Y es que sobre su mítico escenario no sólo debutaron futuras estrellas como Jim Carrey, Michael Keaton o David Letterman -que también fue MC en la sala durante unos tres años- , sino que además fue uno de los lugares preferidos por gente como Richard Pryor, Sam Kinison, Robin Williams o Roseanne Barr tanto para actuar como para tomarse unos cacharros.

Pero lo que convierte a The Comedy Store en un lugar digno de un post en Hoy he dormido 3 horas no es la interminable lista de talentos que han pisado su escenario, que también, sino su truculento pasado.

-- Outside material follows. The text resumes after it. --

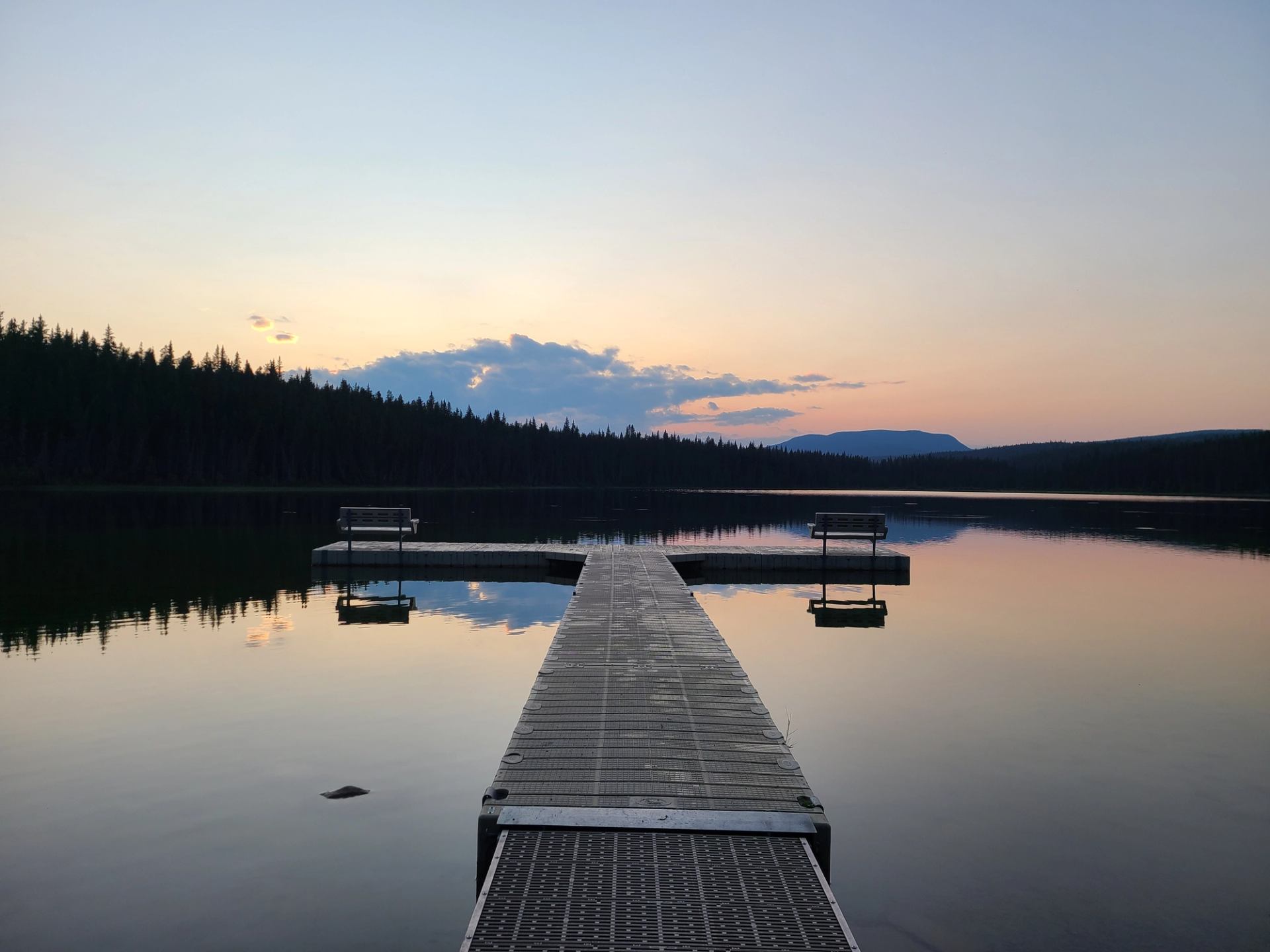 Wooden dock with benches over calm lake, forested shoreline and distant hills.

Y ya, ya sé que no tienen costumbre de leer tanto y tan seguido, pero hagan un esfuerzo que ahora es cuando viene lo chulo.

Como les decía, The Comedy Store abrió sus puertas como tal en abril de 1972, pero antes había sido el mítico Ciro’s, un nightclub en activo desde finales de los años treinta que solían visitar regularmente las estrellas cinematográficas.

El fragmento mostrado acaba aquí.